A kind woman who lives in a village outside of Lille drove us into Belgium. She was just going to take us to the border, but she likes Ieper and thought we would too so she drove us all the way there. We waved goodbye to her and her kids and, before anything, set off to find some Belgium waffles.
We’ve been pretty frugal when it comes to food, only buying the cheapest things we can find at supermarkets. We were in luck because we found a pack of Belgium waffles for under a euro. We weren’t planning on staying, but of course we did. The Gothic style buildings, the history, and the waffles were all great reasons to.
We found a campsite that was under ten euros a night. Again, we didn’t have a tent, but the next two nights under the stars were pleasant anyway. It was cold, but we wore lots of layers, and as a back-up plan, our camping neighbor (a biker from the UK) offered us a room in his tent. We didn’t take him up on it, but he was nice to have conversations with. When we weren’t lounging at the camp we, as usual, walked around to take in all the sights that we could.
Ieper is a walled city with many cemeteries, old battlefields, and memorials from World War 1. The walk from our camp to the city was filled with bomb craters.
They do something called The Last Post Ceremony every evening at 8pm at the Menin Gate. They’ve been doing it every single night since the spring of 1929. It consists of men playing bugles to honor those who fought for freedom. We got there late enough to not have a good view, but at least we heard them. On the gate itself are the names of over 54,000 missing men who fought and have no graves.
Ieper was a great place to learn some history and explore. When it came time to leave we put on the backpacks once again and walked out of town, ready to get north and see where we’d end up next.
I only got two iphone pictures of the rest of our time in Belgium, but where we ended up was south of Antwerp, and the story is worth telling. We got there in a few rides, the last one dropping us in a not so fantastic place. So we walked a while, and then a while more, and finally stuck out our thumbs while walking. It was worth a shot.
Maybe a minute later a woman pulled over. She was heading back home after getting her son a sleeping bag for an upcoming backpacking trip of his own. We got to talking and she invited us over to camp in her garden. We were honored and accepted.
After meeting her husband and three sons they shared dinner with us. They showed us the art they’ve created (beautiful sculptures and paintings), and they even let us use their tent. Before we retired in it for the evening she and one of her sons took us down the road to a bar. We hadn’t tried Belgium beer yet and kept hearing about how amazing it is. The bar was walking distance away and used to be a fort in the war. They open it up in summer time, and it was incredibly neat. We wouldn’t have ever experienced it if our ride hadn’t dropped us of at the spot it did, if we hadn’t stuck out our thumbs at the exact moment we did, and if we hadn’t met the generous woman who we sat with then.
A lady we had hitchhiked with earlier in the day told us her favorite Belgium beer was Chouffe beer.
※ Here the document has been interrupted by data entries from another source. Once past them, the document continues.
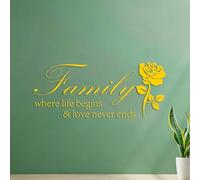 Stickers artistiques en vinyle Une famille où la vie commence et l'amour ne finit jamais, avec Rose 34x79.6cm Auto-adhésif Jaune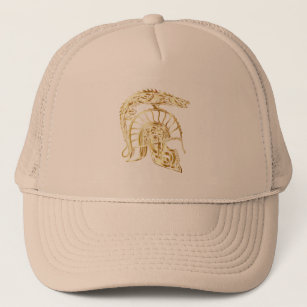 Golden knight armour helmet forge in gold texture trucker hat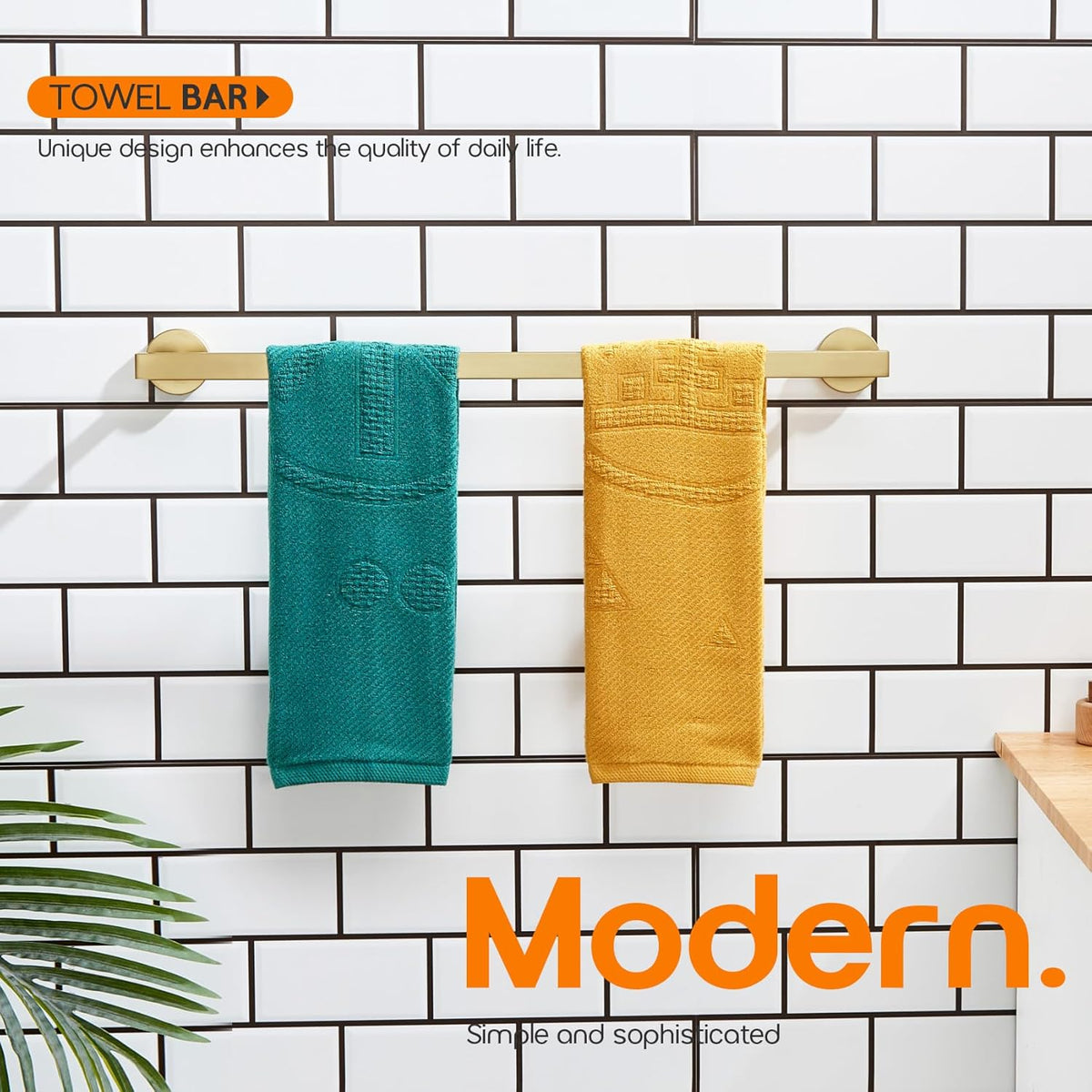 24 Inch Bathroom Towel Bar Bath Towel Rack Kitchen Towel Holder Towel Rails Wall Mounted SUS304 Stainless Steel 2 Pack Brushed Gold AN4001GD-L24-P2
“The one with the little gnome on it,” she said so that we could remember.
So we got one of those and a different one so that we could try two kinds.
And Belgium beer really is amazing!
We slept peacefully in their tent. I liked the shadows I could see from the inside in the morning.
We really appreciate people who walk us places, because we’re pretty good at getting lost. Our new friend delivered us to the road that would lead us the rest of the way to Antwerp. Then we bid him farewell and wished him luck on his upcoming travels.
We walked a while, long enough to eventually justify that since we were probably leaving Belgium that day, we should take a break and experience Belgium beer one last time. So we went into a restaurant and got more Chouffe beer.
The bartender wasn’t pleased when the delivery guy put two big boxes on the ground in the middle of the bar area instead of taking them to the back. Being the only ones in the room and feeling like we should acknowledge him in some way, Jason asked what the shipment was.
“New beer glasses. We get new ones all the time because people always steal them. They know that we get them for free. If they’d just ask, I’d give it to them.”
We kept talking. He was a nice guy. He’d given his notice at the restaurant by then and was just working his last days.
By the end of the conversation he’d given us a bottle of wine (a kind they were switching out for a new one) to take with us, and even told us we could take a glass.
“You’ve got to drink the wine out of something.”
So here I am, currently drinking water out of my stolen glass from Antwerp, as I type.
That really was our last day in Belgium. We ended up taking a city bus that took us to the border of Holland, where more adventure awaited us.